INSTRUCTIONS TO FOLLOW:
The output should be exactly the lines from the one containing "Bridal Walk. Diana" through the last line of the records, and only those.

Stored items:
▬▬▬▬▬▬▬▬▬▬

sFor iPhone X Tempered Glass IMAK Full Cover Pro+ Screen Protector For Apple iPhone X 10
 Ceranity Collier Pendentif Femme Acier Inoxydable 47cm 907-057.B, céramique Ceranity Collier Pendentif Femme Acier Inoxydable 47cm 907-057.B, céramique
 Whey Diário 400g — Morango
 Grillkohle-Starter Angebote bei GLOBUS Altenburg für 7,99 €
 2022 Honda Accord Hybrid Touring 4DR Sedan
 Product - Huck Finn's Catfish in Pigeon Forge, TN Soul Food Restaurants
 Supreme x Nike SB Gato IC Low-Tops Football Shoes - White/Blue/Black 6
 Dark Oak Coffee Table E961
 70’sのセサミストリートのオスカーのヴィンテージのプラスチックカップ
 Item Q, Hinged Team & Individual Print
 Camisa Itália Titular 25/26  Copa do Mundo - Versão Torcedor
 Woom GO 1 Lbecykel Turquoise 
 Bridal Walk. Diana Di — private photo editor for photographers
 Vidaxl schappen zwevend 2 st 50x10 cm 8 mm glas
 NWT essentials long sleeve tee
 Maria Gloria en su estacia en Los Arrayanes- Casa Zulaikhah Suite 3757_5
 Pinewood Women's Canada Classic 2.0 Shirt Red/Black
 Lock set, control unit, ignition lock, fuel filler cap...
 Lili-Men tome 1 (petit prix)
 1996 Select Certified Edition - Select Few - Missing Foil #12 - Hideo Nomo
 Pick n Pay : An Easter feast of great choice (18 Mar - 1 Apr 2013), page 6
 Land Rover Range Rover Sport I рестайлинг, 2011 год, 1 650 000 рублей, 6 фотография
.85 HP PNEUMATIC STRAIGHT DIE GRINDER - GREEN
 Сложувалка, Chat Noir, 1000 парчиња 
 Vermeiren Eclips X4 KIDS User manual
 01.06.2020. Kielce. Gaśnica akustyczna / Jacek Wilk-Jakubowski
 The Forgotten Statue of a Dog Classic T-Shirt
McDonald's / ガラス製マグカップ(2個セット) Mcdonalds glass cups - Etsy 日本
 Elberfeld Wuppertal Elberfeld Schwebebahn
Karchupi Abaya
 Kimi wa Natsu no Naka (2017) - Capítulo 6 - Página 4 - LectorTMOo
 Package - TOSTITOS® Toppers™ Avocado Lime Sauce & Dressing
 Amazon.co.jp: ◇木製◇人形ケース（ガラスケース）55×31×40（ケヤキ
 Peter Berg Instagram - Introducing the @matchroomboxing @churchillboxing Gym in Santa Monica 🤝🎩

▬▬▬▬▬▬▬▬▬▬

RESULT FOR THIS TASK:
 Bridal Walk. Diana Di — private photo editor for photographers
 Vidaxl schappen zwevend 2 st 50x10 cm 8 mm glas
 NWT essentials long sleeve tee
 Maria Gloria en su estacia en Los Arrayanes- Casa Zulaikhah Suite 3757_5
 Pinewood Women's Canada Classic 2.0 Shirt Red/Black
 Lock set, control unit, ignition lock, fuel filler cap...
 Lili-Men tome 1 (petit prix)
 1996 Select Certified Edition - Select Few - Missing Foil #12 - Hideo Nomo
 Pick n Pay : An Easter feast of great choice (18 Mar - 1 Apr 2013), page 6
 Land Rover Range Rover Sport I рестайлинг, 2011 год, 1 650 000 рублей, 6 фотография
.85 HP PNEUMATIC STRAIGHT DIE GRINDER - GREEN
 Сложувалка, Chat Noir, 1000 парчиња 
 Vermeiren Eclips X4 KIDS User manual
 01.06.2020. Kielce. Gaśnica akustyczna / Jacek Wilk-Jakubowski
 The Forgotten Statue of a Dog Classic T-Shirt
McDonald's / ガラス製マグカップ(2個セット) Mcdonalds glass cups - Etsy 日本
 Elberfeld Wuppertal Elberfeld Schwebebahn
Karchupi Abaya
 Kimi wa Natsu no Naka (2017) - Capítulo 6 - Página 4 - LectorTMOo
 Package - TOSTITOS® Toppers™ Avocado Lime Sauce & Dressing
 Amazon.co.jp: ◇木製◇人形ケース（ガラスケース）55×31×40（ケヤキ
 Peter Berg Instagram - Introducing the @matchroomboxing @churchillboxing Gym in Santa Monica 🤝🎩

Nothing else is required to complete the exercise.